[Data extracted from a collection]
◇ ◇ ◇ ◇ ◇
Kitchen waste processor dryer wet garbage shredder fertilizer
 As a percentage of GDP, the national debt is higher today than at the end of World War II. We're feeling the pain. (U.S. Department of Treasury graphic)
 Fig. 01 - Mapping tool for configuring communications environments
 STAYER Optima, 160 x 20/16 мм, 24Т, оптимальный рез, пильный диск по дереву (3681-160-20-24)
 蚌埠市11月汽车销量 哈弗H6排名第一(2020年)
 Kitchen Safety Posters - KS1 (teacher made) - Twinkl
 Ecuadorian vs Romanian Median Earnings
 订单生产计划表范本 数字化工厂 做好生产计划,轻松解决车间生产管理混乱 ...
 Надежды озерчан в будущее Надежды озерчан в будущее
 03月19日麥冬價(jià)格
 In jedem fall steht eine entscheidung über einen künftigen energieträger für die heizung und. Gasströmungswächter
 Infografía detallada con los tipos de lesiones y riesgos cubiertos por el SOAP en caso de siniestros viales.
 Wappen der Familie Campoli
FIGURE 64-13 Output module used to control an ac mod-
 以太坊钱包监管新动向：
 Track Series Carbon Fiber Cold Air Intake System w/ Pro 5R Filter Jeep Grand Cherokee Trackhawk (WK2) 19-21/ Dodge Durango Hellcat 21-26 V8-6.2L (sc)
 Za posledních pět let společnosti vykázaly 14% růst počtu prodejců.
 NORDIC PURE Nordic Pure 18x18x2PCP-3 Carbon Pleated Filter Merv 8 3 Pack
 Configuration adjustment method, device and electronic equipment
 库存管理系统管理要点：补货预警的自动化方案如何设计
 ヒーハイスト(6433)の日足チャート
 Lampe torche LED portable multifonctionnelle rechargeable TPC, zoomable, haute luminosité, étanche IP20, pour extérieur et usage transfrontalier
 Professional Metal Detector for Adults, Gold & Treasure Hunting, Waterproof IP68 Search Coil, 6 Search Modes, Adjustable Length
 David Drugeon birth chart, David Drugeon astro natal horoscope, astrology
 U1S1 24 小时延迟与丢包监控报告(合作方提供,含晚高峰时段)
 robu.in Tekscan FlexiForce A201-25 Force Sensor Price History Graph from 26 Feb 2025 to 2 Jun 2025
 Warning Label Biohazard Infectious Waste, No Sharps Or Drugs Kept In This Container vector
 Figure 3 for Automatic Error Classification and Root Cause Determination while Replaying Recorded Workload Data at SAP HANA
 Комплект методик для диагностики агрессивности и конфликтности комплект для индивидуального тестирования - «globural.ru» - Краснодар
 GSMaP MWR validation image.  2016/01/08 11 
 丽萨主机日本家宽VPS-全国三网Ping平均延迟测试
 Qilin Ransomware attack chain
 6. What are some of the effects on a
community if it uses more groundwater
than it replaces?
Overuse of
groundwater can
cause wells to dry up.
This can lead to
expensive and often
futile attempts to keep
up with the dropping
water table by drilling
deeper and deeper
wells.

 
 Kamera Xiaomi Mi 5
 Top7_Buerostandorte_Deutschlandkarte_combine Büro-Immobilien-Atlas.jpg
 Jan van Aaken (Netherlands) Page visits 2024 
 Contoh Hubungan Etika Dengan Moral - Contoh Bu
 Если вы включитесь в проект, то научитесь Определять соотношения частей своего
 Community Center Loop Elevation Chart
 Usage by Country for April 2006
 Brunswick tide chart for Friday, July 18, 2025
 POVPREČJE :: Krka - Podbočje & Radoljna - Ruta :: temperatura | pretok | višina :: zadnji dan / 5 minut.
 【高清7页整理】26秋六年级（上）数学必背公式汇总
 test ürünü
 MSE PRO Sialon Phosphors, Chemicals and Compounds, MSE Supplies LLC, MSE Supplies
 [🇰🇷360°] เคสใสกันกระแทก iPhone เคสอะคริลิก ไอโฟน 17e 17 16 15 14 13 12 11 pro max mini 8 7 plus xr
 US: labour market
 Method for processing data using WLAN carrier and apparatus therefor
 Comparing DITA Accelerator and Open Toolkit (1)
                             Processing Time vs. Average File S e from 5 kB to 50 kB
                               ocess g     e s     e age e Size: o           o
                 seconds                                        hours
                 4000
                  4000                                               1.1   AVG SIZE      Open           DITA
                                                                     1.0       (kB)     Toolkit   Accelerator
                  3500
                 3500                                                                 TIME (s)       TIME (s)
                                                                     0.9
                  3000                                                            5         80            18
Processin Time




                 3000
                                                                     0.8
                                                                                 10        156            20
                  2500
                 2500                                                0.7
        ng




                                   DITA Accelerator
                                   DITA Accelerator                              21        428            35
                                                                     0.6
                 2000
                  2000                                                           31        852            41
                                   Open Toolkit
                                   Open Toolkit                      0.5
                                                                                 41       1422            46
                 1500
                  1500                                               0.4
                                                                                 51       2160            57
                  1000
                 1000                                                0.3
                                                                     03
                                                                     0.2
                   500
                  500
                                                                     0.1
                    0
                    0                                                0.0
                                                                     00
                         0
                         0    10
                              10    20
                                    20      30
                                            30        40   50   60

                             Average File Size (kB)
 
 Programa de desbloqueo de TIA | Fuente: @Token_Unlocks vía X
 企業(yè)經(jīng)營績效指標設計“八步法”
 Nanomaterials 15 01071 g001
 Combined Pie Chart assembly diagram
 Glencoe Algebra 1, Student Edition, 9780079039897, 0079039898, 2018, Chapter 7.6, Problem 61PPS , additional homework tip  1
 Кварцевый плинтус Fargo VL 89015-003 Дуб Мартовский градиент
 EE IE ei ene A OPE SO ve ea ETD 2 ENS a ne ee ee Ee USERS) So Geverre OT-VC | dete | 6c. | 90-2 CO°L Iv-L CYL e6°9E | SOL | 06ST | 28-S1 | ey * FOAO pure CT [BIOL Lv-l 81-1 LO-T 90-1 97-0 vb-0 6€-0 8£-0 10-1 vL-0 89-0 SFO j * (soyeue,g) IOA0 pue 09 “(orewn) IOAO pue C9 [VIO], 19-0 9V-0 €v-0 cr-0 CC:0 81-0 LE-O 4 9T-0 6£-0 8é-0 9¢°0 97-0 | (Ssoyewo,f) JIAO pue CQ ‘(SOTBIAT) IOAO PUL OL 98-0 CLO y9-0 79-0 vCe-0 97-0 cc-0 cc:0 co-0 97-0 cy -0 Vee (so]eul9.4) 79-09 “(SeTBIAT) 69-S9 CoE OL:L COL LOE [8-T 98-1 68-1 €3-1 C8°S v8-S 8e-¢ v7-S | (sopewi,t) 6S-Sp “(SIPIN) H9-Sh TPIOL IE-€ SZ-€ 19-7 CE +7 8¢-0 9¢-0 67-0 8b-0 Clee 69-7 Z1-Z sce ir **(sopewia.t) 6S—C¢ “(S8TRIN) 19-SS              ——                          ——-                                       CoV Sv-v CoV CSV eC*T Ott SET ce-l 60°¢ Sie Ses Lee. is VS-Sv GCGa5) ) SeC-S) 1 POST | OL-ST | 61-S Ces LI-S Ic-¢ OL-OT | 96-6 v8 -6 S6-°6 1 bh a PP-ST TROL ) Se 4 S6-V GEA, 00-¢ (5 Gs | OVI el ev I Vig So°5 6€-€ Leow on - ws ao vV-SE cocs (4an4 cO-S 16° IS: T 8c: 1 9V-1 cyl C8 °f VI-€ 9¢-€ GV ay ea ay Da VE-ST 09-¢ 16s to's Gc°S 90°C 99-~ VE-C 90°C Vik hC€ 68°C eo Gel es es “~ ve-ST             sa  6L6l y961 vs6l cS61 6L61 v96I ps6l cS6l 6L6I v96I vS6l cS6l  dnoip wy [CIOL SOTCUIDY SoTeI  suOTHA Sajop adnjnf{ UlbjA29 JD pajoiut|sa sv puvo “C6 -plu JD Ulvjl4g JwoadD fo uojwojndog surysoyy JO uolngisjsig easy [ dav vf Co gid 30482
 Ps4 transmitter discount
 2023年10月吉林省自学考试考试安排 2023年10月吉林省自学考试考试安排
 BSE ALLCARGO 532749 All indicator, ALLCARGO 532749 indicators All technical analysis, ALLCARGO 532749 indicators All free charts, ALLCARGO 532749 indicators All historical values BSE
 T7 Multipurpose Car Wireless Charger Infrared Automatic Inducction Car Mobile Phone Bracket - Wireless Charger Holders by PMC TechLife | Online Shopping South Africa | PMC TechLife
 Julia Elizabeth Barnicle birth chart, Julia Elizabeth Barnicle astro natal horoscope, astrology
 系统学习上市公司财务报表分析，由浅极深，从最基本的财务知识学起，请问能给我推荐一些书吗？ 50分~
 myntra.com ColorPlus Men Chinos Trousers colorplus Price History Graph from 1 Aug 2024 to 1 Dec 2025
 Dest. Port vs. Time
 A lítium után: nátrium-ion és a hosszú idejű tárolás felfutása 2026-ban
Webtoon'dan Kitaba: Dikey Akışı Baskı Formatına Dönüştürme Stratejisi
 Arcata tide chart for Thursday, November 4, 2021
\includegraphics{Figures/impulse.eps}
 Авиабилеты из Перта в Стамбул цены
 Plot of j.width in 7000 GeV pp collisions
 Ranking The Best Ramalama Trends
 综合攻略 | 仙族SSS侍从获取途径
◇ ◇ ◇ ◇ ◇
* Required action
Copy out the entries exactly. Begin at the first line and end with the line that has "STAYER Optima, 160".

* Response to the task
Kitchen waste processor dryer wet garbage shredder fertilizer
 As a percentage of GDP, the national debt is higher today than at the end of World War II. We're feeling the pain. (U.S. Department of Treasury graphic)
 Fig. 01 - Mapping tool for configuring communications environments
 STAYER Optima, 160 x 20/16 мм, 24Т, оптимальный рез, пильный диск по дереву (3681-160-20-24)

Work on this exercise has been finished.